With over 200 ranking factors, Google includes more factors than just those on your website. In fact, in an effort to deliver the most valuable links first, Google looks for indicators that folks approve of your page — things like social engagement (all those likes, shares, and comments).
While there’s no indication that bringing more visitors to your site results in higher sales, but, all things being equal, it’s better to have more visitors than less as visits represent opportunities.
Image courtesy of Coast Digital
Moving on to conversion, a blog delivering fresh, valuable content on a consistent basis is key for both SEO and conversion, according to Hubspot.
While a blog is technically part of a website, not all websites contain a blog, so I list it as something more than a website.
Build relationships with customers and prospects
First, let’s talk about why you want to build relationships, not just engage in transactions with customers.
- they help promote your business to friends [source]
- customers who engage with the company are more likely to be repeat customers [source]
- retaining existing customers is cheaper (by 5X) than replacing them [source]
- customers who have a relationship with a business are more loyal and less likely to be lured away by competitors [source]
So, building relationships has a huge benefit for organizations that flows directly to the bottom line rather than just giving customers and managers some touchy feeling goodness.
That said, it’s really hard to build relationships with customers on a traditional website. Certainly, adding a forum or other user elements can help your website engage customers, although those efforts will be mostly invisible to prospects. And, forums and other tools are really more than a website.
Social media is a great tool for building customer relationships and, because these interactions are public, it brings in new customers, as well. Social media, however, is the biggest addition to digital marketing and is much more than a website, although the website and social profiles are likely linked. Here are some great tools for using your social networks to build a relationship with customers and prospects.
Image courtesy of Data Mentors
Email marketing, which is also more than a website, not only help build valuable relationships, they have the highest conversion rates of any tactic except your website.

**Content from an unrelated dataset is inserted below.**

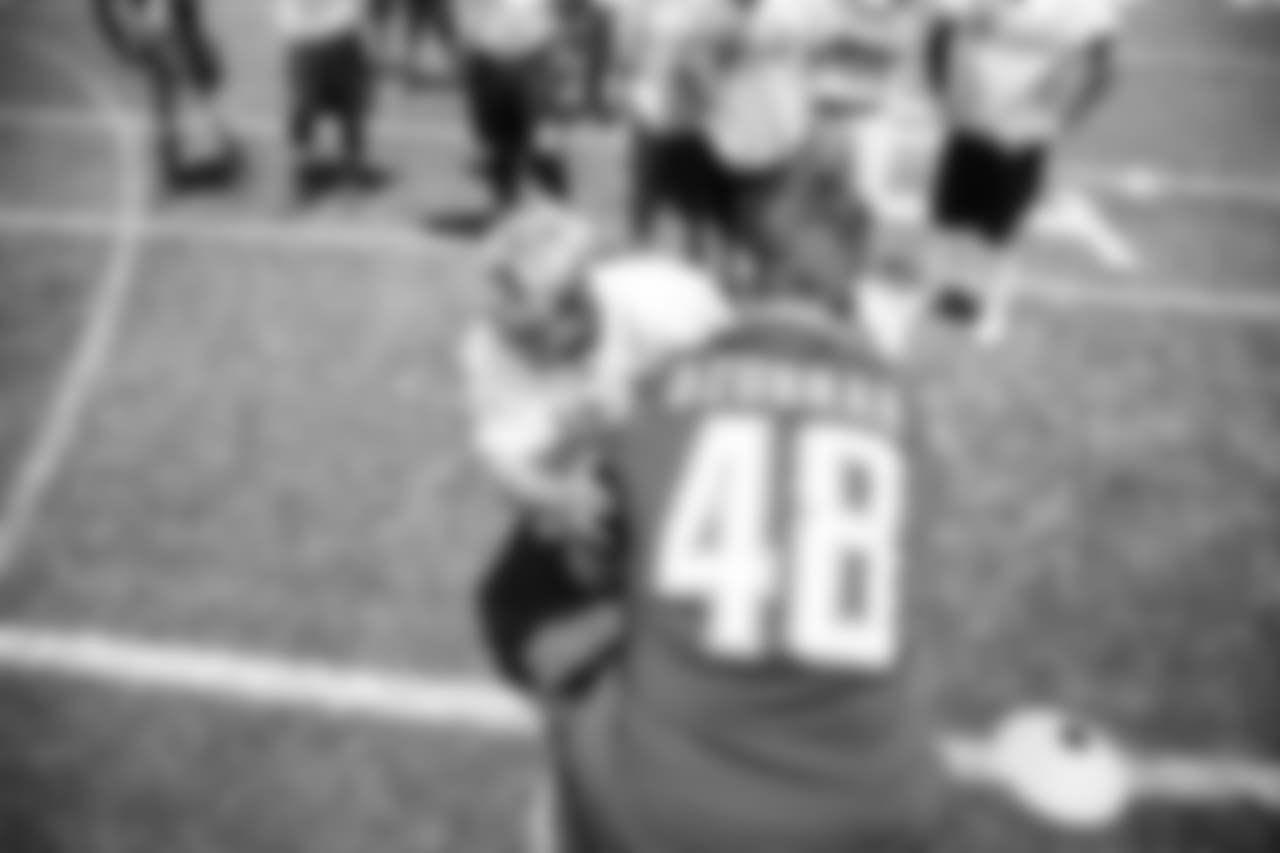 072217_chargers_usa_football_ep_326.jpg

Amplification and de-commoditization
Social networks, not only amplify your message, especially on Facebook where every like, comment, and share shows your post to the user’s network, but it acts to de-commodify the message.
Not familiar with the term, de-commodification, no problem.

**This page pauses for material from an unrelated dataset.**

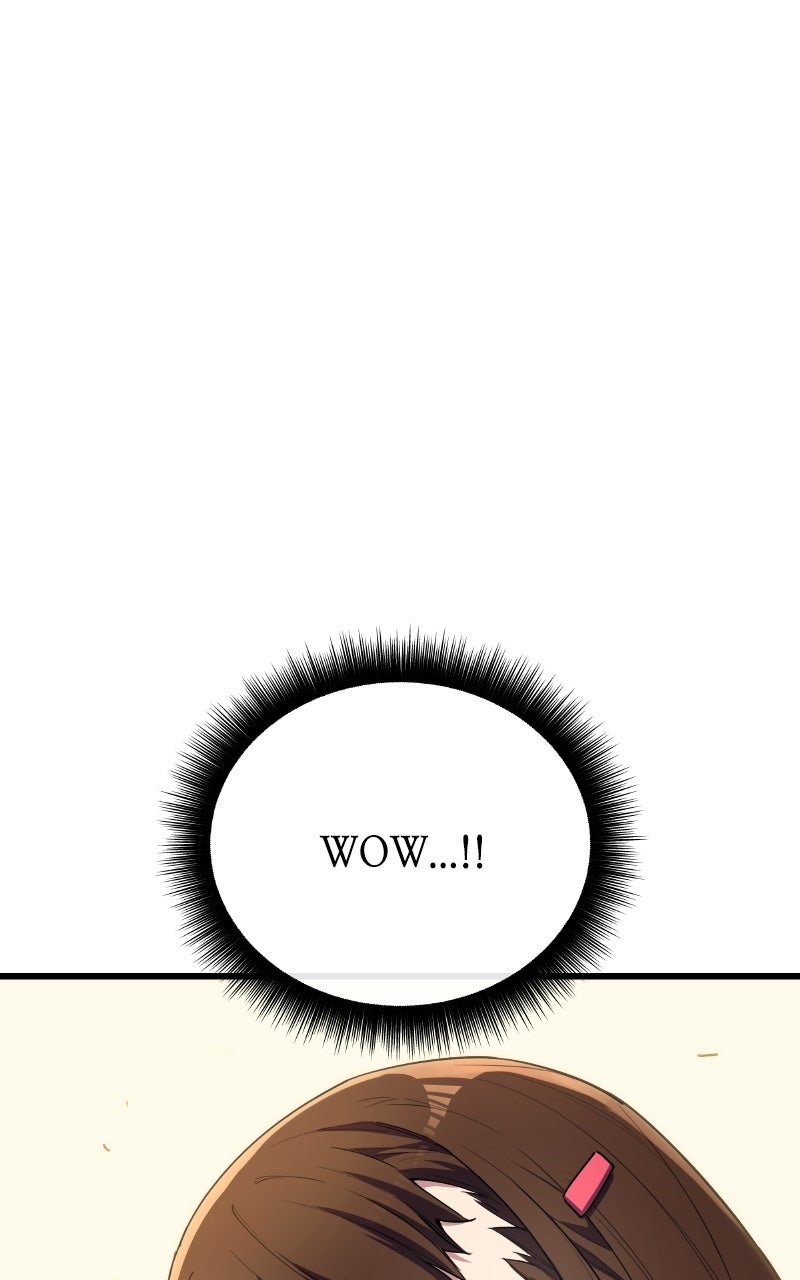 The Player with13 Hidden Traits Episode 7 page 22 -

We’ve become jaded in our culture by commercial messages. We’re bombarded with messages telling us that products will salve our problems and that each is the greatest, yet we’re disappointed time and time again by these products. Eventually, we don’t believe anything the brand tells us.

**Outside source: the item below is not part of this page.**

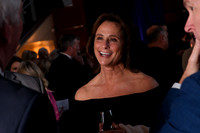 UnrealAwards-1150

Enter our social networks. We like the folks in our social network despite the fact we may not know many of them personally.
And, we really don’t care. Those of us old enough to remember Blockbuster video stores had the experience of a total stranger offering suggestions on renting movies — and we believed them because we viewed them as objective recommendations.
Well, the same thing works in social media.
We believe our friends’ assessments (good and bad) over commercial messages sent by brands. Even when the friend is simply sharing the brand’s message rather than constructing a recommendation.
Analytics
Image courtesy of Microsoft
It’s hard to have any conversation about digital marketing performance without discussion analytics.
Even though some of your most important analytics may come from your website, they’re certainly more than a website.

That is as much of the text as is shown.